→ Prompt
Here is the task for the records below: repeat exactly the lines from the one with "Bajaj Avenger 220" to the one with "If the vessel's", both included, and nothing else.

→ Task material
· · ·
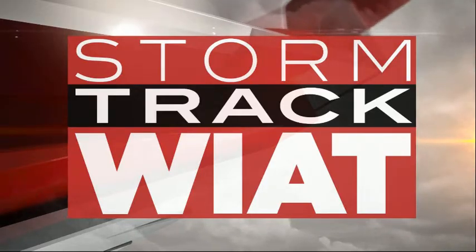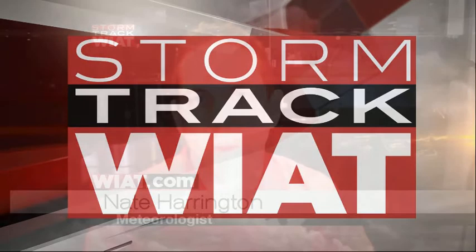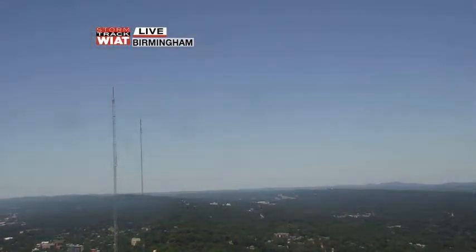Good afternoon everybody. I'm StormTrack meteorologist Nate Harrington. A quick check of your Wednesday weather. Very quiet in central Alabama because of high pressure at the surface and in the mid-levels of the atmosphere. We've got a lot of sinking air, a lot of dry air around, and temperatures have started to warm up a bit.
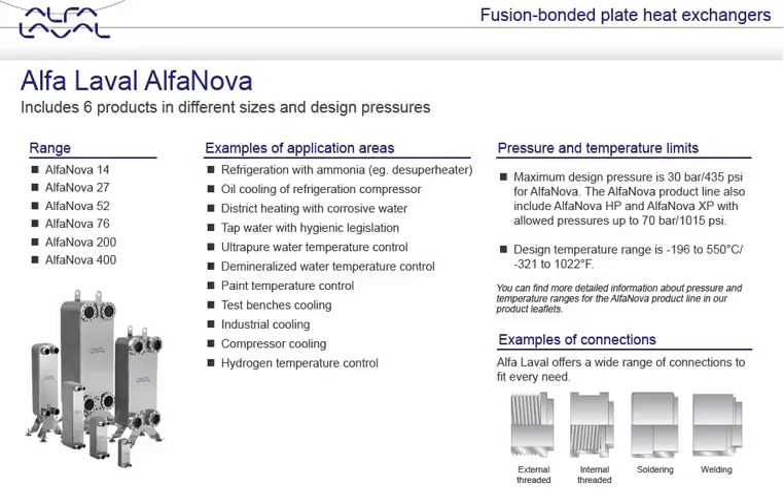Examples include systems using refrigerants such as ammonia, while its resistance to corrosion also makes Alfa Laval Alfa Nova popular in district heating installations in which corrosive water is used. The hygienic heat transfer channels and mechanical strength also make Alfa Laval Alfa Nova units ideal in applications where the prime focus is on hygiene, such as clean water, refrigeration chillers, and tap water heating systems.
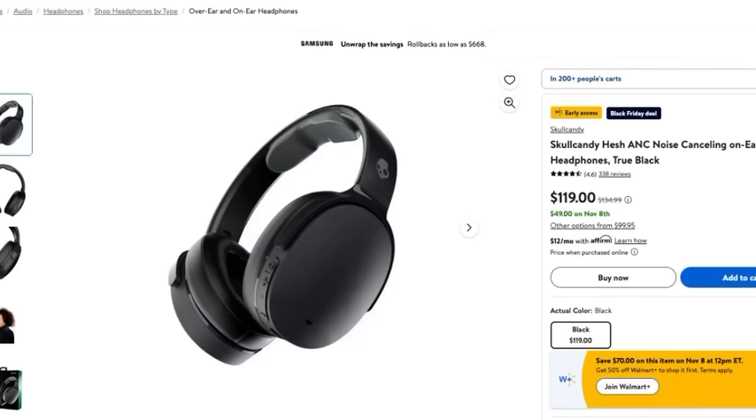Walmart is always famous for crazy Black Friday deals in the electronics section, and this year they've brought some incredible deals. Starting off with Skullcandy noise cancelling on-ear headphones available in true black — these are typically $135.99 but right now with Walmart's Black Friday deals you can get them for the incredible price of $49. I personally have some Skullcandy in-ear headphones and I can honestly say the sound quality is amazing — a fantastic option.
· · ·
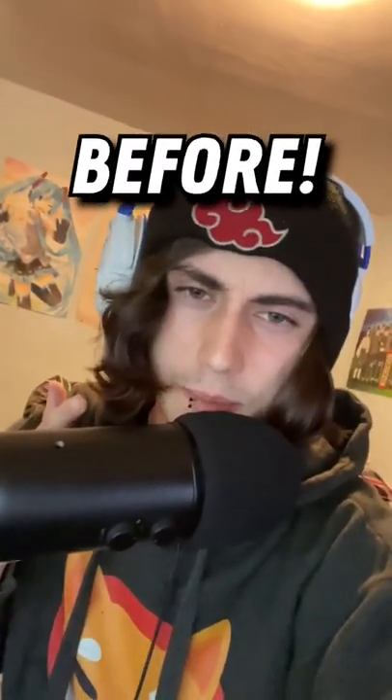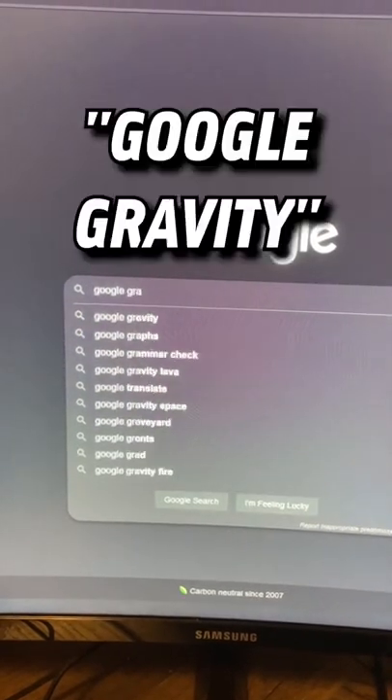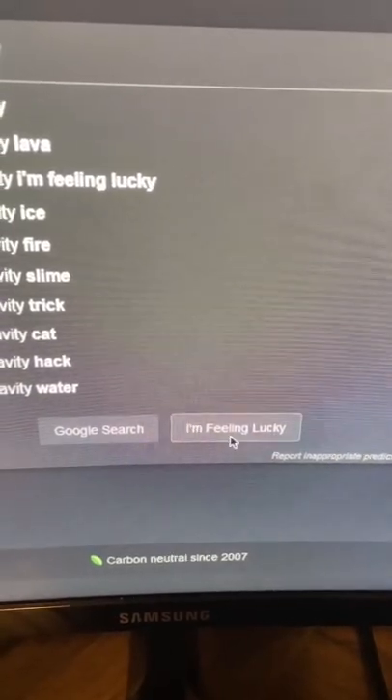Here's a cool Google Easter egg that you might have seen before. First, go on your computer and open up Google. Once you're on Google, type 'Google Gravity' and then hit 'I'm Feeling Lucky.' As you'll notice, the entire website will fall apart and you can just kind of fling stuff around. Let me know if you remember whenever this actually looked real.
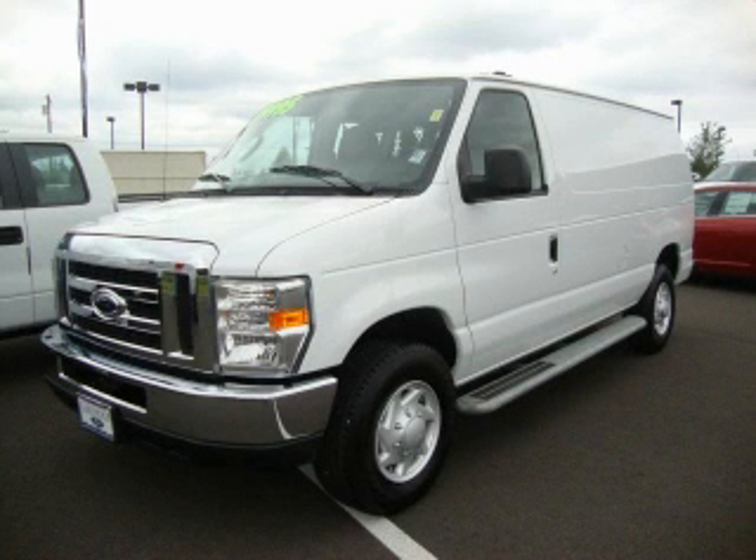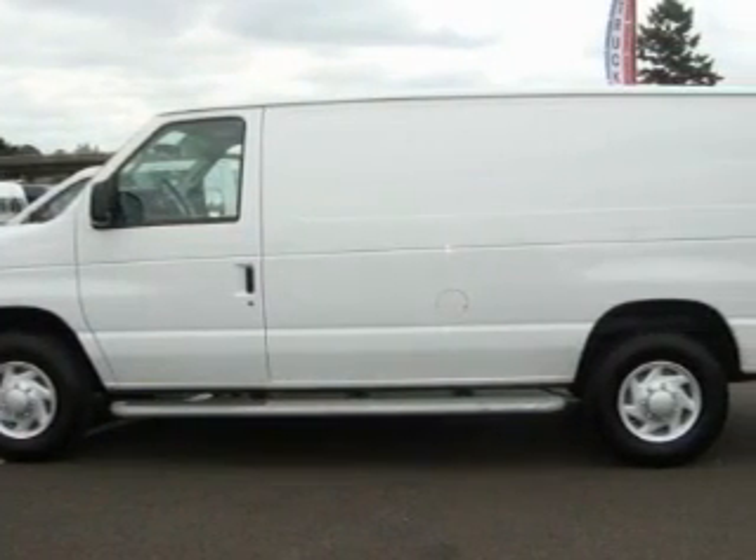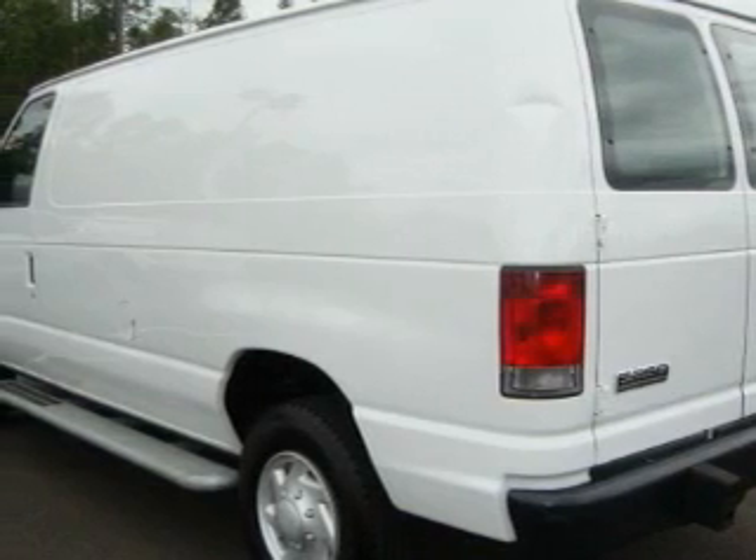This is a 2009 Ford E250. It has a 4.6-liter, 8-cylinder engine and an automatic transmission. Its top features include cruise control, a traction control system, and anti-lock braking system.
· · ·
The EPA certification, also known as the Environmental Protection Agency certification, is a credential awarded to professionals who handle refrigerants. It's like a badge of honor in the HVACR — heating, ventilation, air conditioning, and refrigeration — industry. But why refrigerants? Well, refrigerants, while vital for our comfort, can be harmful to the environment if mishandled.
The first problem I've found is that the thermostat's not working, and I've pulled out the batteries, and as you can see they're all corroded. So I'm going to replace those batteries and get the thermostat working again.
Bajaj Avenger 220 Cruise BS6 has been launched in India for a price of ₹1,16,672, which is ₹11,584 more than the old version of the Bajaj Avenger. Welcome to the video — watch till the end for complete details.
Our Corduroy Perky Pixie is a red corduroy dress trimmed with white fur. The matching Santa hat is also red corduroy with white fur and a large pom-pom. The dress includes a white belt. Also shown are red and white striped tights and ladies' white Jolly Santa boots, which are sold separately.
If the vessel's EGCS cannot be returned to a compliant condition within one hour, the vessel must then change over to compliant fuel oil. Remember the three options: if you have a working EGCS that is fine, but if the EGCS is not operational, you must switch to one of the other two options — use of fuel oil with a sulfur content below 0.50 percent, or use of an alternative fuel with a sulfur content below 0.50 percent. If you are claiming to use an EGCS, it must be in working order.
· · ·
→ Problem solution
Bajaj Avenger 220 Cruise BS6 has been launched in India for a price of ₹1,16,672, which is ₹11,584 more than the old version of the Bajaj Avenger. Welcome to the video — watch till the end for complete details.
Our Corduroy Perky Pixie is a red corduroy dress trimmed with white fur. The matching Santa hat is also red corduroy with white fur and a large pom-pom. The dress includes a white belt. Also shown are red and white striped tights and ladies' white Jolly Santa boots, which are sold separately.
If the vessel's EGCS cannot be returned to a compliant condition within one hour, the vessel must then change over to compliant fuel oil. Remember the three options: if you have a working EGCS that is fine, but if the EGCS is not operational, you must switch to one of the other two options — use of fuel oil with a sulfur content below 0.50 percent, or use of an alternative fuel with a sulfur content below 0.50 percent. If you are claiming to use an EGCS, it must be in working order.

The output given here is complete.